Suitably refreshed we returned to the roof and soldiered on, despite the insanely bright sunshine.

Despite the occasional loud Israeli on a cellphone and the Korean tourists who stopped taking photos of the Dome of the Rock so they could photograph me, I managed to read most of the first chapter of THE FOURTH ASSASSIN without a pause.

Then, just before I’d finished, from the corner of my eye I spy the blonde fellow from reception striding toward me.

“Sir, you have to stop now. This has been more than 10 minutes,” he said.

“We’ve only been working a few minutes. We were down in the café most of the time. We had strudel.”

He twisted his face as though his finger had just gone through the toilet paper. “And I should believe you?”

“Yes, why would I lie? Go and ask the people in the coffee shop.”
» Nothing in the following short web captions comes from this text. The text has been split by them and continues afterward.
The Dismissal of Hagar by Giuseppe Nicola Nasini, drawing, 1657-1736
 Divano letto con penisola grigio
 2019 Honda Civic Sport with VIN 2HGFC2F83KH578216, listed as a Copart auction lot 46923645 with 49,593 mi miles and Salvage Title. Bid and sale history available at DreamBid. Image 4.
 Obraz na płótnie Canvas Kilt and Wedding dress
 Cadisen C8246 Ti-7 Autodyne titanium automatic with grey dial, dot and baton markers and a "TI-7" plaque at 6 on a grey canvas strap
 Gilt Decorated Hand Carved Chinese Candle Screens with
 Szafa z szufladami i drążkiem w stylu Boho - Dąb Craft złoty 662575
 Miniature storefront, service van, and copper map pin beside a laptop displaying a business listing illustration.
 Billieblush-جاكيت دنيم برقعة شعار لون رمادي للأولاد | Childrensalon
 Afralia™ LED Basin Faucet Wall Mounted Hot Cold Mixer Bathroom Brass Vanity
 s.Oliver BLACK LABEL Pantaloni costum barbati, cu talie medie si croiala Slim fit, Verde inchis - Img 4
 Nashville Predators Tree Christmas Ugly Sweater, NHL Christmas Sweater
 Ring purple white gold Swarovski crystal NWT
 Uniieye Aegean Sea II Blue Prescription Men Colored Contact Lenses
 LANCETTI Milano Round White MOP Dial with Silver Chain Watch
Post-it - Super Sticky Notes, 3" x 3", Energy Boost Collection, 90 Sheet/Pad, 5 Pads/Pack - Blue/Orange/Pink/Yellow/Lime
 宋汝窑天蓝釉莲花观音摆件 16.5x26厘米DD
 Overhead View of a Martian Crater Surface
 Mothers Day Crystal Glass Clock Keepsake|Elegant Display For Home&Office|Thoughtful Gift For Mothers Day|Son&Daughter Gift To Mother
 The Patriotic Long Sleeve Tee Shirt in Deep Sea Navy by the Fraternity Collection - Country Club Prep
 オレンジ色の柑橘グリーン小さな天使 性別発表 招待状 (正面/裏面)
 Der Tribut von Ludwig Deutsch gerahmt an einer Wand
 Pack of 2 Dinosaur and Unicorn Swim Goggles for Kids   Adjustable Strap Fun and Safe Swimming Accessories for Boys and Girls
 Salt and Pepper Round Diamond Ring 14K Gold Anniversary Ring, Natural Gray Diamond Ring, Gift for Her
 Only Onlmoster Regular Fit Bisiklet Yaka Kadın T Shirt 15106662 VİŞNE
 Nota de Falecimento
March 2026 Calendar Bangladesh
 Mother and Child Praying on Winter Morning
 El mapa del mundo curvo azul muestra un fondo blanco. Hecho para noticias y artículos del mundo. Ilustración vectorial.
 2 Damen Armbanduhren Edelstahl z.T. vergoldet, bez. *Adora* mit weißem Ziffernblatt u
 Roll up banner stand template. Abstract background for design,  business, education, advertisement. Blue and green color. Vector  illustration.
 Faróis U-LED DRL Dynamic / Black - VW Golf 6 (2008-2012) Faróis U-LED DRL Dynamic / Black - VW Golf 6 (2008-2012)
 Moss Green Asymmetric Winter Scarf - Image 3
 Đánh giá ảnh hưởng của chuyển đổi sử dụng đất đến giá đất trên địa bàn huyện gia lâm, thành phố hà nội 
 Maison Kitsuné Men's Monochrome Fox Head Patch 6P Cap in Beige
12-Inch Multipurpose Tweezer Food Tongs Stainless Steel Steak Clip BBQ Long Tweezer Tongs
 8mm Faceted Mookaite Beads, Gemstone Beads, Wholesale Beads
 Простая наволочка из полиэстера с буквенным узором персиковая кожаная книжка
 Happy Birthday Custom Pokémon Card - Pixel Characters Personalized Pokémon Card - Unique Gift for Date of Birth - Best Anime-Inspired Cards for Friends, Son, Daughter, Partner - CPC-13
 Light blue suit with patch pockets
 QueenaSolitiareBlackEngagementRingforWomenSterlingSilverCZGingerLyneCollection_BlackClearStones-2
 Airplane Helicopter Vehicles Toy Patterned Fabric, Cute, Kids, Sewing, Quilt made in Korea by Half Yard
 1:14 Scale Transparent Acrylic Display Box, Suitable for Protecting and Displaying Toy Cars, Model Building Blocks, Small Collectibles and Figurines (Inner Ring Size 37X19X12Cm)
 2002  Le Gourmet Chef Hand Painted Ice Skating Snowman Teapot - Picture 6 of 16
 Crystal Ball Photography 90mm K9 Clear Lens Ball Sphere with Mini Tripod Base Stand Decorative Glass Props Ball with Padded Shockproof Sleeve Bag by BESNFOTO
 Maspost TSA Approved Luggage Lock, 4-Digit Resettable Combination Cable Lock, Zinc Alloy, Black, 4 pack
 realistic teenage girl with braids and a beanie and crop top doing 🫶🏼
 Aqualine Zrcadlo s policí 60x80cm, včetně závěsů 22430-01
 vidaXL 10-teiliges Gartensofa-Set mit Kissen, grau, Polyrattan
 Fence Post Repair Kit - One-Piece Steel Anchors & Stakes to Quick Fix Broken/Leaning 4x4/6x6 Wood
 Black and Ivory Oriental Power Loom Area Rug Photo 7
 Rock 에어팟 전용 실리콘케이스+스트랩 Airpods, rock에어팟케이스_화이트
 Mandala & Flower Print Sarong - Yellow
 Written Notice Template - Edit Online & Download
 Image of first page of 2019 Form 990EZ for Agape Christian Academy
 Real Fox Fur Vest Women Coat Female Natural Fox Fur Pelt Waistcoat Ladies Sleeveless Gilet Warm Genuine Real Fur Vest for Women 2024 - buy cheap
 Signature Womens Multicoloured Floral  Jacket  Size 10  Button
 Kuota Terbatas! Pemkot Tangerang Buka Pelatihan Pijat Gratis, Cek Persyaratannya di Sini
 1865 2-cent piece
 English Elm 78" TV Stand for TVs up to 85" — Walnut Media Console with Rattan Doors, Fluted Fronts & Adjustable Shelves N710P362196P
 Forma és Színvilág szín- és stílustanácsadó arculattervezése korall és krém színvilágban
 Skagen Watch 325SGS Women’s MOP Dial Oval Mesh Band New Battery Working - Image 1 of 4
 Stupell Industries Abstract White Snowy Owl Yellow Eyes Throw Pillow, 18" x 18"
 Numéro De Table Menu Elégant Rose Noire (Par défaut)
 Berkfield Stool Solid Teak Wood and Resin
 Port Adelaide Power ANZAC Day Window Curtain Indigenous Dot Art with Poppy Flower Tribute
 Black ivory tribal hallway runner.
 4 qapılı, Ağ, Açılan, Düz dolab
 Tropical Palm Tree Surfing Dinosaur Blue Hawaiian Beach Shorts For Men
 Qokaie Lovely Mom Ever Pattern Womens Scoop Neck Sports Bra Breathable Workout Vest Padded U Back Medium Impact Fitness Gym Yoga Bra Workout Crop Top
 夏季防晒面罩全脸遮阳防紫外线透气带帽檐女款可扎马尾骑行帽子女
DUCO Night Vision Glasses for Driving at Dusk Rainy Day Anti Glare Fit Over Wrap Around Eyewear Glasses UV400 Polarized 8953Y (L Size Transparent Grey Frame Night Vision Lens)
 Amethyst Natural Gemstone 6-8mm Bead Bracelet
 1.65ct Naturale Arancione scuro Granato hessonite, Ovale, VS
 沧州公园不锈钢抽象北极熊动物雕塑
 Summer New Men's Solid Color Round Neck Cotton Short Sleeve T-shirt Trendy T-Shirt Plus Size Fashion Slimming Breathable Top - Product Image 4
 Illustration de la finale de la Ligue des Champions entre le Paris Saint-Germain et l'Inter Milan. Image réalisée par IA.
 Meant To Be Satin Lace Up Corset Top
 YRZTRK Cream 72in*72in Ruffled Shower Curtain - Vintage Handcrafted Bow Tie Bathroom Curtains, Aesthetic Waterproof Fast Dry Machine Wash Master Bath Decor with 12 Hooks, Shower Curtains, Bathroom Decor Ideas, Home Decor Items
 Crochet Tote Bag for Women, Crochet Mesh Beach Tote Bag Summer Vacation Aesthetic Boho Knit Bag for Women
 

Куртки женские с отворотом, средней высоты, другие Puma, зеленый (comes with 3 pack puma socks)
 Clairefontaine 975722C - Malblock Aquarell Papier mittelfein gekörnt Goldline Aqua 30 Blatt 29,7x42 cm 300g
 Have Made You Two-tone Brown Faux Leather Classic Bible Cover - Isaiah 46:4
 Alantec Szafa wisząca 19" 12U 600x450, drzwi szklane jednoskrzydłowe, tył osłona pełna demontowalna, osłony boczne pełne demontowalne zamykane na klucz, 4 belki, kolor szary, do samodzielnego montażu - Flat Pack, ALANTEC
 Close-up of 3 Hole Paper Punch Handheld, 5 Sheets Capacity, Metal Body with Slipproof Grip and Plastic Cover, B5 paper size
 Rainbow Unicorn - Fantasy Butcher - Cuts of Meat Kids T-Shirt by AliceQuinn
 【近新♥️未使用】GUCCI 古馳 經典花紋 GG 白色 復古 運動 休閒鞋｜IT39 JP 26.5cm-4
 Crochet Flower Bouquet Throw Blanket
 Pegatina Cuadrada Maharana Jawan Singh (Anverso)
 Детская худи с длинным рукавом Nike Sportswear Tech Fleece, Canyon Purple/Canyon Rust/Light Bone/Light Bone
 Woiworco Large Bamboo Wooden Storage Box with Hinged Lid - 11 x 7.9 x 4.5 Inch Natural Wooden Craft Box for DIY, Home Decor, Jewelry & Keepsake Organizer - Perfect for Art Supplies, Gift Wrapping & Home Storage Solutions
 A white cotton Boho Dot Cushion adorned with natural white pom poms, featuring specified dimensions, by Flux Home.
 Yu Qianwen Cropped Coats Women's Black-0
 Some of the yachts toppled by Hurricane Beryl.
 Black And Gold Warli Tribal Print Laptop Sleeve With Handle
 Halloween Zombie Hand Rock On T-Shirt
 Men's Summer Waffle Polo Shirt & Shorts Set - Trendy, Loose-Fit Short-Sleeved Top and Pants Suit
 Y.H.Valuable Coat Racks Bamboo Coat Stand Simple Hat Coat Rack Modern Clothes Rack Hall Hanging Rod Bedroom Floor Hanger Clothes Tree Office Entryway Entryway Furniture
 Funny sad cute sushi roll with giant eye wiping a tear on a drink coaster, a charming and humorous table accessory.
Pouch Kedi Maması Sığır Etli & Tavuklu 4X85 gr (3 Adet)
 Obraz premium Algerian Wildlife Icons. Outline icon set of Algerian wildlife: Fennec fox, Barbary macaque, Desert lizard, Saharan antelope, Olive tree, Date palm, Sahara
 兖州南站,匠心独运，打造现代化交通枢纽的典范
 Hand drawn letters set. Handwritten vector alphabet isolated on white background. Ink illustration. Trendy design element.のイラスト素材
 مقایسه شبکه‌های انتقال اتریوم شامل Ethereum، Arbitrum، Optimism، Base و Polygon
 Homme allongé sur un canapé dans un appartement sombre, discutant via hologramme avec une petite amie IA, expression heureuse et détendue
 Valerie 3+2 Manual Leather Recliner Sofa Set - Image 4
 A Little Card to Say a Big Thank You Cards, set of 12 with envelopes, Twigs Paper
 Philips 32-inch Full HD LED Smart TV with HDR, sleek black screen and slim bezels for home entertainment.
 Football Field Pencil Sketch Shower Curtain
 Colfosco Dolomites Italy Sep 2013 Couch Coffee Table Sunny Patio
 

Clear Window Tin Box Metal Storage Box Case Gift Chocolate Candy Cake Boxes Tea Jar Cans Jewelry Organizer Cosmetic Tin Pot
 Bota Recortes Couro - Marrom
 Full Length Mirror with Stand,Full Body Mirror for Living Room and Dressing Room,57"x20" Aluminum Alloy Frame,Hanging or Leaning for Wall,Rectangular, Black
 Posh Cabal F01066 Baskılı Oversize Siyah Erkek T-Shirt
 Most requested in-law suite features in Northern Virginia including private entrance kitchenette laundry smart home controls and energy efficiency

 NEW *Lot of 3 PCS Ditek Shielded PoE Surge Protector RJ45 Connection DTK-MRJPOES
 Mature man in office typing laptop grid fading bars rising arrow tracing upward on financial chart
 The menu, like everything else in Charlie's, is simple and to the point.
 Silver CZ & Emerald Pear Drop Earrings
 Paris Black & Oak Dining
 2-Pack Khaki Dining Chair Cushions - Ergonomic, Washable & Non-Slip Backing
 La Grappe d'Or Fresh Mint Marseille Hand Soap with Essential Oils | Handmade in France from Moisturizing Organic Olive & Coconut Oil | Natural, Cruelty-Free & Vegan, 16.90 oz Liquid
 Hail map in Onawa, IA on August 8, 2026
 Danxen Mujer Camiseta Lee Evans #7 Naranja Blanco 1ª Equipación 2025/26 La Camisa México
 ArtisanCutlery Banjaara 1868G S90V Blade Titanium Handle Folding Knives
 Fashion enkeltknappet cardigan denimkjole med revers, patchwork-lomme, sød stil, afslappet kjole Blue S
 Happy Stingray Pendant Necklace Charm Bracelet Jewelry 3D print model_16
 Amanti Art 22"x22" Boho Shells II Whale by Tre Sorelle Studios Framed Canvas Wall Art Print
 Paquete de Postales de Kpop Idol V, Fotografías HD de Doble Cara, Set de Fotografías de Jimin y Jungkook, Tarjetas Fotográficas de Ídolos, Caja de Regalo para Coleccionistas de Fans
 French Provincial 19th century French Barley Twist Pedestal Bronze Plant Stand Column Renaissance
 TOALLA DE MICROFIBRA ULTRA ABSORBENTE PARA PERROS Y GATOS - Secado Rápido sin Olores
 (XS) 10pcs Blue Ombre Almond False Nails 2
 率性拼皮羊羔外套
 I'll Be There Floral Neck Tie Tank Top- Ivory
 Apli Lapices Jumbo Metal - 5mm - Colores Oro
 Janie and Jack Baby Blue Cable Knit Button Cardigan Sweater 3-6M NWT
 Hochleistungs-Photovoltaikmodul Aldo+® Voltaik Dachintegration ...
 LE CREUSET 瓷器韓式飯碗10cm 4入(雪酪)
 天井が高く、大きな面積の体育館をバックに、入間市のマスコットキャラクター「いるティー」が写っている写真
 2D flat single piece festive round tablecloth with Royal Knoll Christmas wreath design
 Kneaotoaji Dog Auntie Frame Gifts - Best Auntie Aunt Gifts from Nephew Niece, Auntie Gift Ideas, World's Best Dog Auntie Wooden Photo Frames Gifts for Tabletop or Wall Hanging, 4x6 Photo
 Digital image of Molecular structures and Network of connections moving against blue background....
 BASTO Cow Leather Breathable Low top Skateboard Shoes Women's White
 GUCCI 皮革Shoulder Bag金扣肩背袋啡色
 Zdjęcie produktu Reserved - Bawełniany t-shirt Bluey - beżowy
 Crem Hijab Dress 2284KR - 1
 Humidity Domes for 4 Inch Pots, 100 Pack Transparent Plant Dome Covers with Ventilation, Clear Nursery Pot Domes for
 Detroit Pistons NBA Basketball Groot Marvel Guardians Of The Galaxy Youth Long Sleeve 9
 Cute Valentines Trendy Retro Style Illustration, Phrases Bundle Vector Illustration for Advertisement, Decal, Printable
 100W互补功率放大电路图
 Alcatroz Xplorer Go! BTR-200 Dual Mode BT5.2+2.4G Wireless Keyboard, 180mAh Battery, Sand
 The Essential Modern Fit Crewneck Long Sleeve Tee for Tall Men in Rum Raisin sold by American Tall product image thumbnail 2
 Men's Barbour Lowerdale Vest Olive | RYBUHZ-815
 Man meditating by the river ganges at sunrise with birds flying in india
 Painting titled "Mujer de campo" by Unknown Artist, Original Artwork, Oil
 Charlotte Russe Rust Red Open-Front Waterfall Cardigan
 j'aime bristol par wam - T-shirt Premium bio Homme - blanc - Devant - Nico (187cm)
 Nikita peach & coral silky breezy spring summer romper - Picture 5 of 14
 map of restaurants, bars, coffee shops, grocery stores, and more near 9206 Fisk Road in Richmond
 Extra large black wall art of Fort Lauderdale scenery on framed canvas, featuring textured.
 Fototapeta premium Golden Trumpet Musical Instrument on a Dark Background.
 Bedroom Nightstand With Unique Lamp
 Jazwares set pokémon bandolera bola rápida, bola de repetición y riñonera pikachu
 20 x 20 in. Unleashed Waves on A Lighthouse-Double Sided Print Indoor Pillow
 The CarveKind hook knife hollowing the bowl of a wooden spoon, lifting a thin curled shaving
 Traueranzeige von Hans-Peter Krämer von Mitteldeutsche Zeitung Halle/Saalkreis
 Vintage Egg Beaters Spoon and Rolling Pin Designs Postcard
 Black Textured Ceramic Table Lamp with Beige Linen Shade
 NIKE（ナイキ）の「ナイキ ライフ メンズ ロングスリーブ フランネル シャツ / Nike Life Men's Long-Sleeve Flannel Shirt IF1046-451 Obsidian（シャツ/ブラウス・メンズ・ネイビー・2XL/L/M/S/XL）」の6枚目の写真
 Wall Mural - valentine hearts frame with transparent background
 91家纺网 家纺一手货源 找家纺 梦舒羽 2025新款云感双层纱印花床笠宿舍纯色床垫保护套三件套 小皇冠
I feel for this Austrian. After all, Israelis and Palestinians are able to lie with absolutely no compunction. It’s one of the first things you learn when you live here a while. I could see that this poor fellow had been at the front desk of the Hospice for a sufficient time to train him to recognize a lie, but not long enough to give him the graceful Arab ability to maneuver around someone else’s untruths without humiliating them. This fellow had only two options: let me get away with it, or kick me out.

“So five more minutes and then you’re out,” he said.

Here’s where my own cultural training came in. The over-emotional Welshman in me wanted to say: Listen, butty, I paid 100 shekels for some stiff strudel in your café, so you can bloody well calm down. In any case what do you think I’m filming up here? It’s just my face, some domed buildings in the background, and a lot of sunshine. What’re you protecting? It’s not a military installation. I’m buggered if I’m going to be hurried by you.

But I also know that the Middle Eastern way is to move from bald-faced lieing to apparent humility and submission, smug in the knowledge that you’ve got what you want. So I let him think he was having his way.

Twenty minutes later, when David and I passed the reception desk on our way out, I stopped to wave my thanks to the Austrian. Never leave anyone with a nasty taste in their mouth. Arabs taught me that. The kisses on the cheeks they bestow after a dispute really do defuse all the tension.

He ignored me. A Palestinian would never have done that.